The Washington Office on Latin America (WOLA) released a paper today that highlights the key findings of the U.S. government's most recent comprehensive analysis of cocaine availability. The new government analysis was released recently by the Obama administration's Office of National Drug Control Policy (ONDCP).
According to the WOLA report, Lowering Expectations, the new data are significant because they confirm the central findings of an important 2004 study by ONDCP: cocaine prices have fluctuated many times over the years, but with a clear downward trajectory. New price spikes are to be expected, but the historical record suggests that they will also prove to be temporary.
"On the eve of President Obama's trip to Mexico," said WOLA Senior Associate John Walsh, "these findings reinforce the importance of focusing greater attention on demand reduction and harm reduction, while deliberately lowering expectations for what supply-control strategies can achieve."
Lowering Expectations describes how the government's new data undermine claims made during the previous administration that supply disruptions had achieved unprecedented cocaine shortages in the United States.

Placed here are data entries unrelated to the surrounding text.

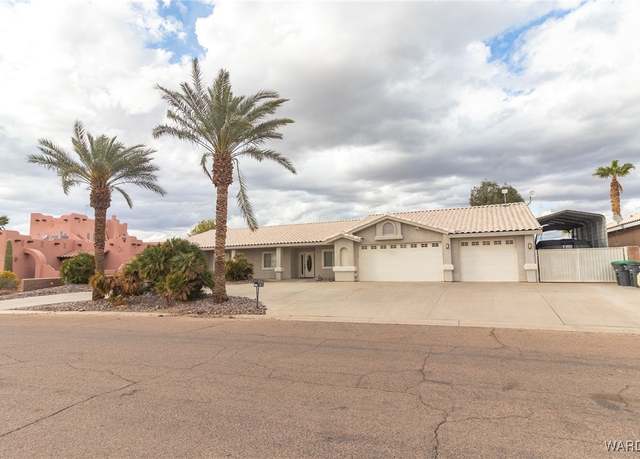 Property at 505 E Kingsley St, Mohave Valley, AZ 86440, 5 beds, 3 baths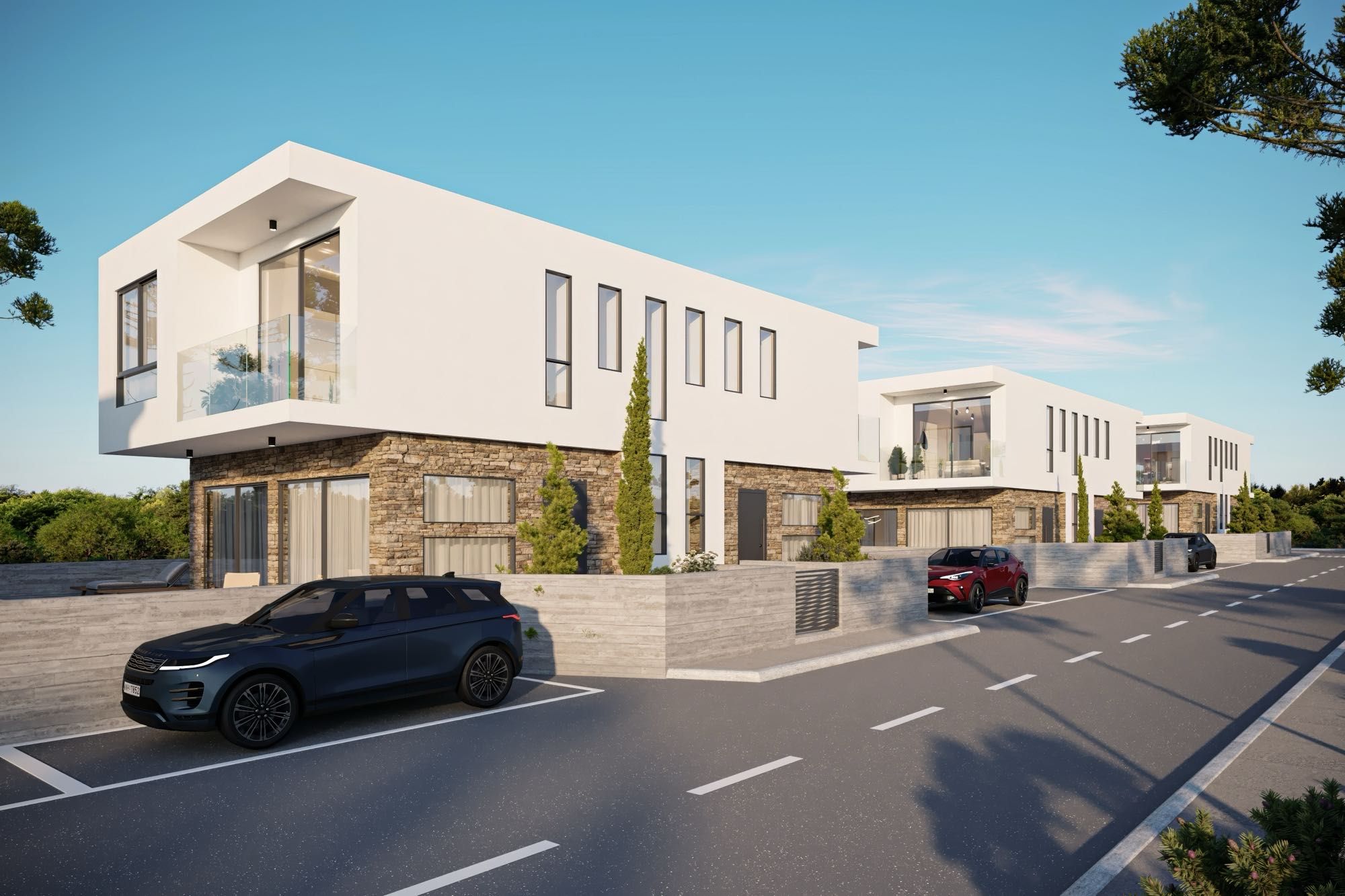 Luxusvillen in Paphos kaufen | Lyra Villas Zypern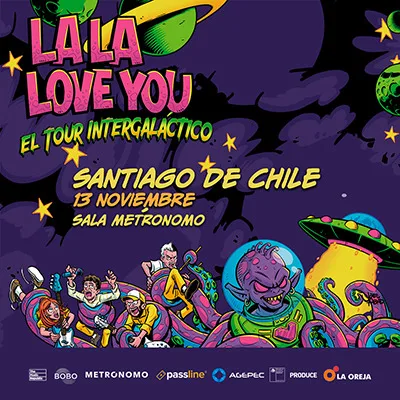 La La Love You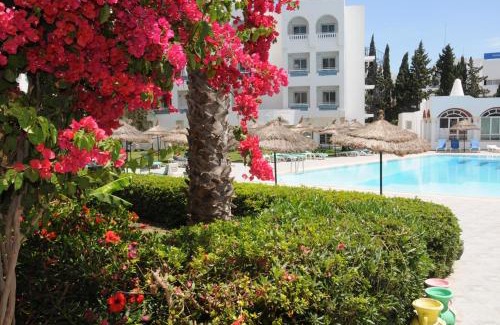 Hammamet Hotel | Hotel Menara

- U.S. retail cocaine prices declined every year from 2004 through 2007, while purity remained high.
- In 2007, cocaine's price settled to the lowest level on record, nearly 22 percent below the 1999 price, before Plan Colombia was launched.
- The decline of cocaine prices through 2007 squares with recent U.S. and UN assessments that overall cocaine production has been increasing.
- Cocaine prices have been falling since the early 1980s, and even fairly large price spikes have always been reversed eventually.
"When new price spikes are announced," said Walsh, "they have to be considered in light of the historical evidence, not mere wishful thinking. None of the many previous spikes have put a lasting dent in the U.S. cocaine market."